Hermenêutica é a ciência que fornece a técnica e os princípios segundo os quais o operador do Direito poderá apreender o sentido social e jurídico da norma constitucional em exame, ao passo que interpretação consiste em, como já dissemos, desvendar o real significado da norma.

Há a possibilidade de uma norma jurídica admitir mais de uma interpretação, assim deve o intérprete descartar as interpretações que estejam em desconformidade com a Carta Magna e favorecer o sentido da norma que esteja ao seu acordo.

Seguindo nesta linha, Barros (2010, p. 177) expõe a existência de conflito entre regras e entre princípios, indica que a solução do primeiro conflito será a validade de uma regra em desfavor da outra, e no caso de princípios, estes devem se conciliarem, pois eles não são aplicados de forma absoluta, e é através do princípio da proporcionalidade que ocorre a conciliação deles.

Portanto, esses métodos de interpretação são utilizados no Direito, em todas as suas ramificações, seja para sedimentar entendimentos doutrinários ou para solucionar conflitos no Judiciário.

Partindo dessa abordagem, ter-se-á nos tópicos a seguir uma análise principiológica e jurisprudencial do processo de seleção em empresas que fazem pesquisas sobre a conduta social do candidato para fins de contratação.

1.1 Princípios constitucionais

Princípios constitucionais, também chamados por alguns juristas de princípios fundamentais, são considerados pela doutrina como alicerces do sistema constitucional, pois dão lógica a toda Constituição.

Barros (2010, p. 174) classifica os princípios constitucionais em fundamentais, gerais e setoriais ou especiais:

Há, entretanto, quem considere os princípios constitucionais como ‘síntese dos valores mais relevantes da ordem jurídica’ e os classifique em princípios fundamentais, vistos como os que contêm decisões políticas estruturais do Estado (ex.: princípio republicano, princípio federativo, princípio do Estado democrático de direito, princípio da separação de poderes, princípio presidencialista e princípio da livre iniciativa); princípios gerais, como desdobramento dos princípios fundamentais, incluindo-se entre eles o princípio da legalidade, da isonomia, do juiz natural; por fim, os princípios constitucionais setoriais ou especiais, vinculados a determinado assunto, como, por exemplo, princípio da legalidade tributária, princípio da legalidade penal, entre outros. (grifo original)

Assim, é nos princípios setoriais ou especiais que se podem identificar os princípios constitucionais de cada ramo do Direito, no caso do Direito do Trabalho temos o direito de greve (art. 9º); proteção da dispensa arbitrária ou sem justa causa (art. 7º, I); representação dos trabalhadores na empresa (art. 11); irredutibilidade de salários (art. 7º, VI); analisando de outra maneira temos que o trabalho escravo diverge do princípio da liberdade de trabalho; e o da liberdade de sindicalização não obriga ninguém a se associar, etc.

Em todas as relações jurídicas é presumida a boa-fé de seus participantes, salvo nos casos em que a lei expressamente presuma a má-fé de um indivíduo, quando este se comporta de determinada maneira, e assim também é no Direito do Trabalho.

O princípio da boa-fé não é peculiar do Direito do Trabalho, mas comum em todos os ramos do Direito, atuando nas diversas fases relação jurídica inclusive nas suas relações preliminares.

Esclarece Barros (2010, p. 188-189) o significado da boa-fé nas relações trabalhistas:

Esse princípio possui uma dimensão objetiva, que incide no direito obrigacional como regra de conduta a qual as partes deverão comportar-se com lealdade recíproca nas relações contratuais.
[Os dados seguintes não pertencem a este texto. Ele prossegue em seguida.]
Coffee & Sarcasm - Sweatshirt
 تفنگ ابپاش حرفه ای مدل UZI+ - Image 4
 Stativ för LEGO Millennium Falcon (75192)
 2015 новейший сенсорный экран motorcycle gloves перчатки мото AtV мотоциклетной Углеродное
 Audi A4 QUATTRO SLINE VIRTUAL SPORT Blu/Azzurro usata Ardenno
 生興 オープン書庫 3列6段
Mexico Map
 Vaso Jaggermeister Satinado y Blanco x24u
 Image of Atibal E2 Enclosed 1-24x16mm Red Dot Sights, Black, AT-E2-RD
Em sua dimensão subjetiva, a boa-fé assenta-se na crença que induz uma parte a agir equivocadamente, mas na absoluta convicção de que não está lesando interesses alheios juridicamente protegidos. A boa-fé subjetiva se encontra, em regra, no campo dos direitos reais, mas poderá ocorrer na órbita do Direito Previdenciário, quando o segurado recebe um benefício equivocadamente, sem noção de estar prejudicando o órgão previdenciário e a coletividade. (grifo original)

A boa-fé flexibiliza os institutos jurídicos, pois quando age, opõe os valores éticos, com o intuito de evitar os danos de uma interpretação literal da norma.

Barros (2010, p. 188-189) expõe que nas relações pré-contratuais as partes deverão obedecer ao princípio da boa-fé, não podendo o empregador abusar na seleção:

Desde a fase das negociações pré-contratuais, a boa-fé deverá presidir o comportamento das partes. Mesmo antes de o contrato ter sido concluído, as partes devem agir com retidão, conforme os valores éticos e sociais juridicamente protegidos e implícitos nas relações trabalhistas. A violação desse dever implica ressarcimento do dano emergente (gastos realizados) e do lucro cessante, que poderia ser obtido em outra contratação que não se realizou, dada a frustração da negociação anterior, sem prejuízo da compensação pelo dano moral acaso verificado. Dá-se, na hipótese, ‘abuso da liberdade de não contratar’, que constitui abuso de direito. (grifo original)

Todavia, a discussão em torno dessa temática é o fato de que, ao realizar essas consultas aos órgãos públicos, é saber se estas ferem ou não os princípios e direitos fundamentais da Constituição Federal, como o da privacidade, da dignidade da pessoa humana, dos valores sociais do trabalho e da livre iniciativa, da personalidade, dentre outros.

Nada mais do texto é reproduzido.